§ **Task statement**
Scan the listing below for the word "steel" and copy every line that has it.

━━ Material for the task ━━

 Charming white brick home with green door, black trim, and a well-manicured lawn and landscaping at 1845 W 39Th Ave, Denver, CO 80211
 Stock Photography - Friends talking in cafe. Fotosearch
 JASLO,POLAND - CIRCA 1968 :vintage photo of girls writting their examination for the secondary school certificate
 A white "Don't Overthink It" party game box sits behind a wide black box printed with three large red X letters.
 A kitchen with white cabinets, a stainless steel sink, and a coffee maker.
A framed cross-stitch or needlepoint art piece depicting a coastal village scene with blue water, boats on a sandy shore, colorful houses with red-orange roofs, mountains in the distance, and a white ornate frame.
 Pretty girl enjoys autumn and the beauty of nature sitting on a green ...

━━━
━━ Material for the task ━━

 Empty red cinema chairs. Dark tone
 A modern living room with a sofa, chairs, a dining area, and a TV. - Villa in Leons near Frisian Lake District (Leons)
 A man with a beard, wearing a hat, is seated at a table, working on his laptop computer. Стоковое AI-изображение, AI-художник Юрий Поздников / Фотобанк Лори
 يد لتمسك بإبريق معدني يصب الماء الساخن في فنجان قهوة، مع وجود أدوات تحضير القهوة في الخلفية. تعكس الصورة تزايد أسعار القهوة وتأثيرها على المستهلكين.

━━━
━━ Material for the task ━━

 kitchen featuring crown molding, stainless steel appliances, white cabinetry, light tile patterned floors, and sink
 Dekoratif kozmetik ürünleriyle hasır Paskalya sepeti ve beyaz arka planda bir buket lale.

━━━

§ **Solution for this exercise**
 A kitchen with white cabinets, a stainless steel sink, and a coffee maker.
 kitchen featuring crown molding, stainless steel appliances, white cabinetry, light tile patterned floors, and sink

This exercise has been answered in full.